* **Task prompt**
The lines below from the one with "Fototapeta premium Business" up to and including the one with "Lot 667 - A BRONZE BUDDHA" are what you should set down, exactly and without pictures.

─── Record set

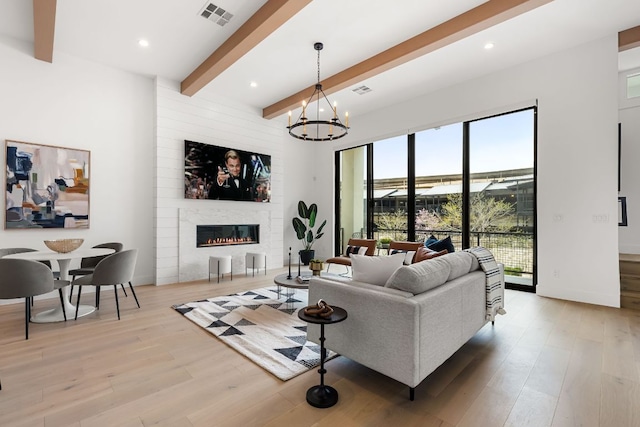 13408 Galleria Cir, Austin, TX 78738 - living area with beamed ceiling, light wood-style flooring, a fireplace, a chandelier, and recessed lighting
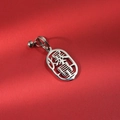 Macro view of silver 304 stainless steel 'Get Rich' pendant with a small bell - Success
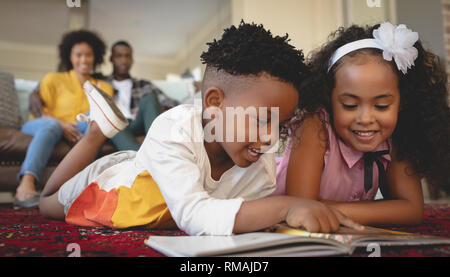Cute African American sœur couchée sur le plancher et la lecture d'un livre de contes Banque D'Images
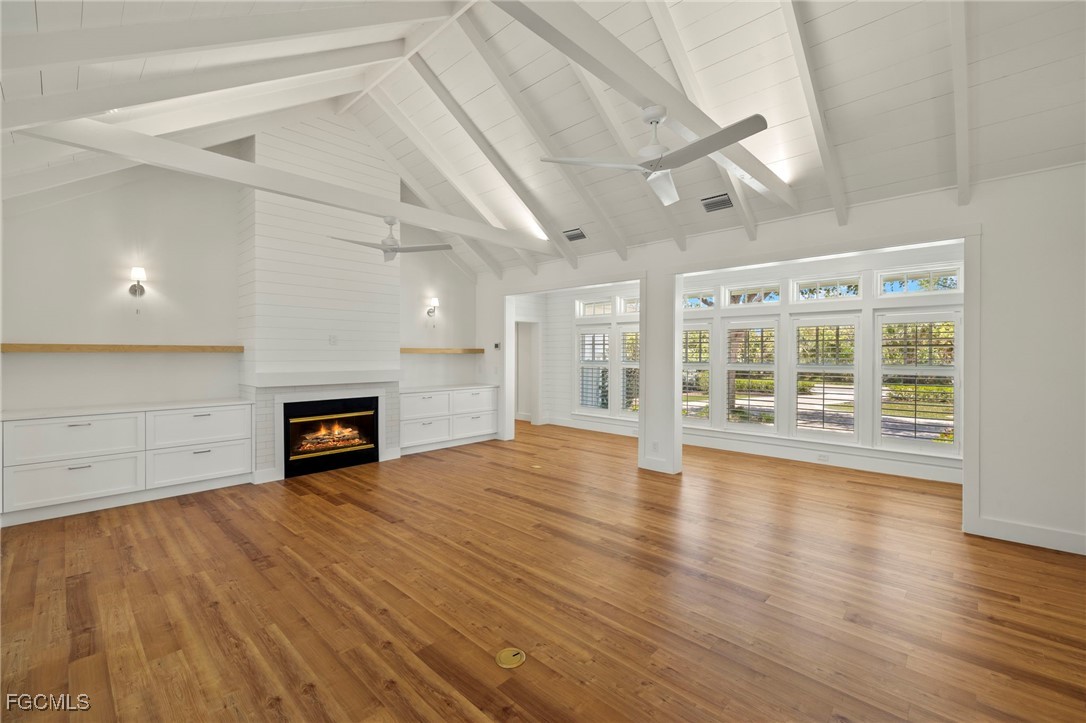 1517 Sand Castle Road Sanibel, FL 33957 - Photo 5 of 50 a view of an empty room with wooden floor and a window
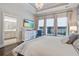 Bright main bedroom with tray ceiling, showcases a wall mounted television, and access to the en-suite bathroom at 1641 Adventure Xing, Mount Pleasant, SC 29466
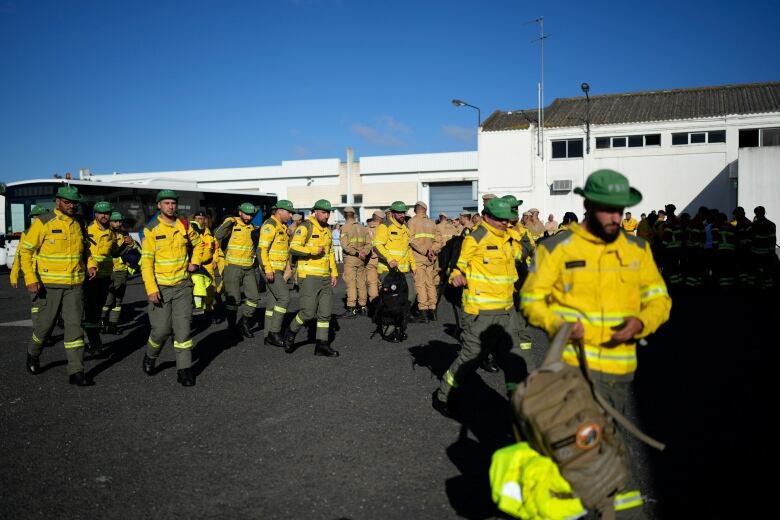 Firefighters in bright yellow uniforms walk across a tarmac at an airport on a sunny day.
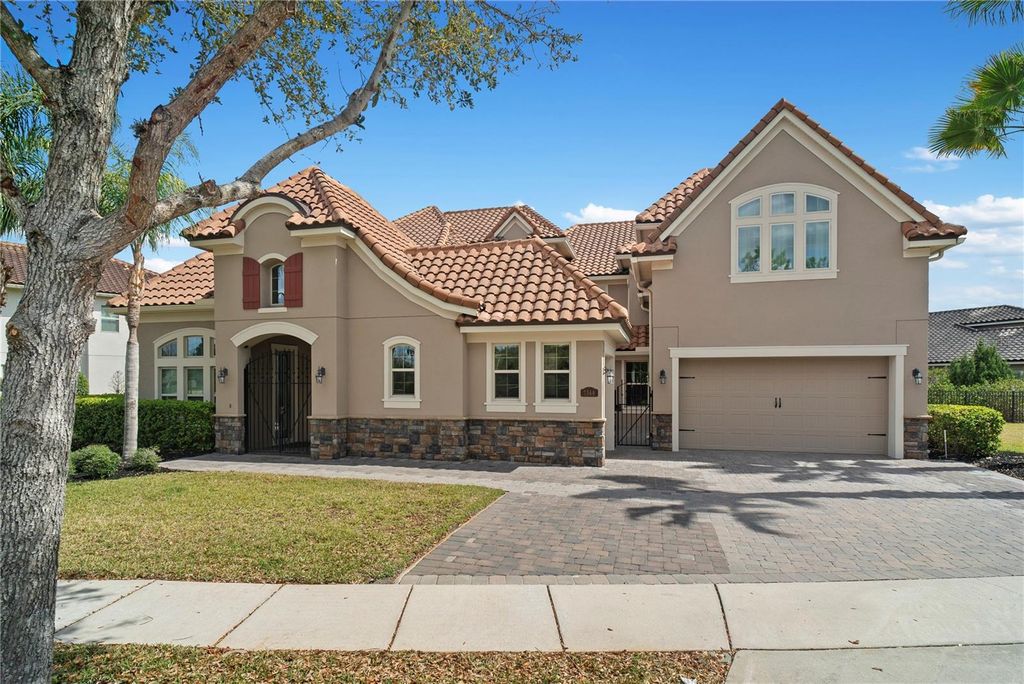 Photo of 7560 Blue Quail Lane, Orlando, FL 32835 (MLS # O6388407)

──────
─── Record set

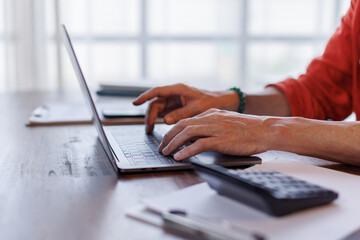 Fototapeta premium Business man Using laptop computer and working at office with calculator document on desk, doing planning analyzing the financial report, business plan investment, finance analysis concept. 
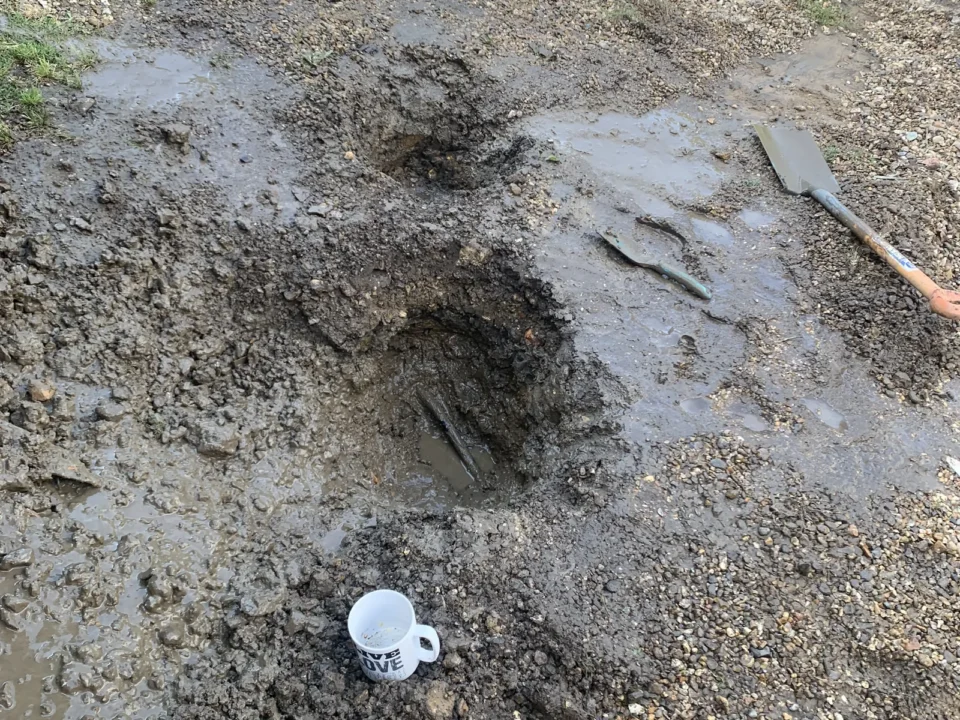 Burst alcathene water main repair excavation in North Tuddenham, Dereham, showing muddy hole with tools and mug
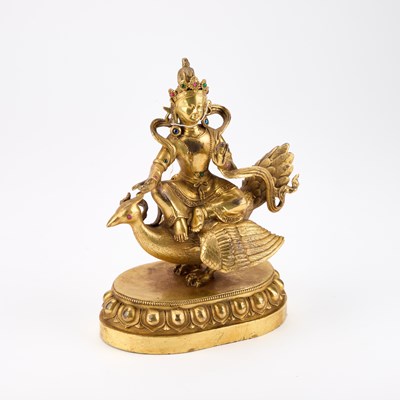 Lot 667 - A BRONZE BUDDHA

──────

* **Task response**
 Fototapeta premium Business man Using laptop computer and working at office with calculator document on desk, doing planning analyzing the financial report, business plan investment, finance analysis concept. 
 Burst alcathene water main repair excavation in North Tuddenham, Dereham, showing muddy hole with tools and mug
 Lot 667 - A BRONZE BUDDHA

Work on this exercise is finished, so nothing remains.